Task statement: Reproduce word for word the lines of the listing from the first one through the one with "A Liberian soldier", omitting every picture.

Data:
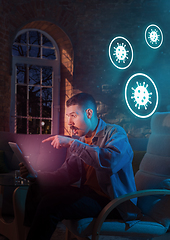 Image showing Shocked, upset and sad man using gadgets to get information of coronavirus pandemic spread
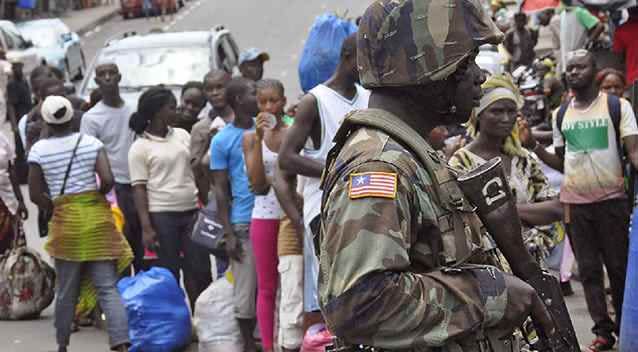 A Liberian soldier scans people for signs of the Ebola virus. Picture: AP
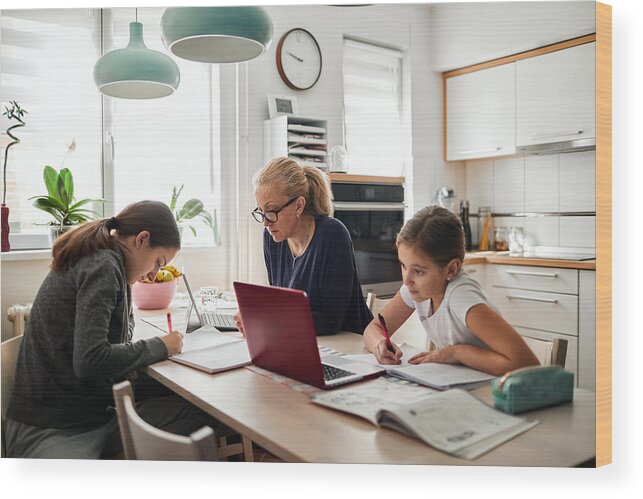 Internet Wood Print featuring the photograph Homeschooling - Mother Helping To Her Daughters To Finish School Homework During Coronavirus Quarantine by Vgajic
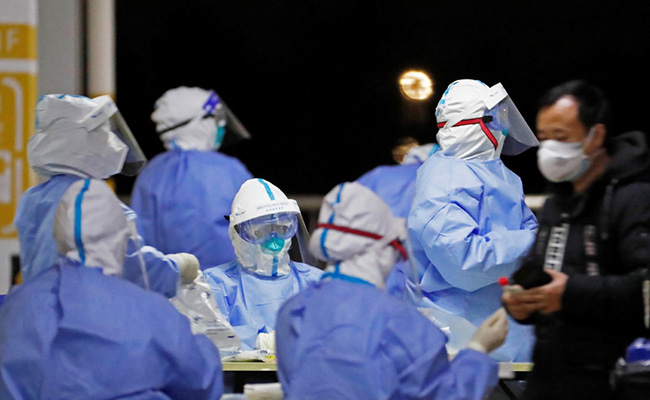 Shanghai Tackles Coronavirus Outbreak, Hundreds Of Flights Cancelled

Exercise response:
 Image showing Shocked, upset and sad man using gadgets to get information of coronavirus pandemic spread
 A Liberian soldier scans people for signs of the Ebola virus. Picture: AP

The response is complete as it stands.